Exercise instructions >> Lines of the data that contain the word "Photo" are the ones to copy.

-- Material provided follows --

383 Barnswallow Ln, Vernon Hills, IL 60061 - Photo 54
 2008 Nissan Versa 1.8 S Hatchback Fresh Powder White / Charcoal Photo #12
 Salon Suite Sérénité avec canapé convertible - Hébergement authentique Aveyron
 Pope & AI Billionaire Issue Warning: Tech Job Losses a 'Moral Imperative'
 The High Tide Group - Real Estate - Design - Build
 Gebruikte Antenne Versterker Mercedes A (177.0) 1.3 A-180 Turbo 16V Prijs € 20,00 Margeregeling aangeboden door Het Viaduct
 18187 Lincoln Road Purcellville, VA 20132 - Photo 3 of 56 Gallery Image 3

-- Material provided concluded --

Result >>
383 Barnswallow Ln, Vernon Hills, IL 60061 - Photo 54
 2008 Nissan Versa 1.8 S Hatchback Fresh Powder White / Charcoal Photo #12
 18187 Lincoln Road Purcellville, VA 20132 - Photo 3 of 56 Gallery Image 3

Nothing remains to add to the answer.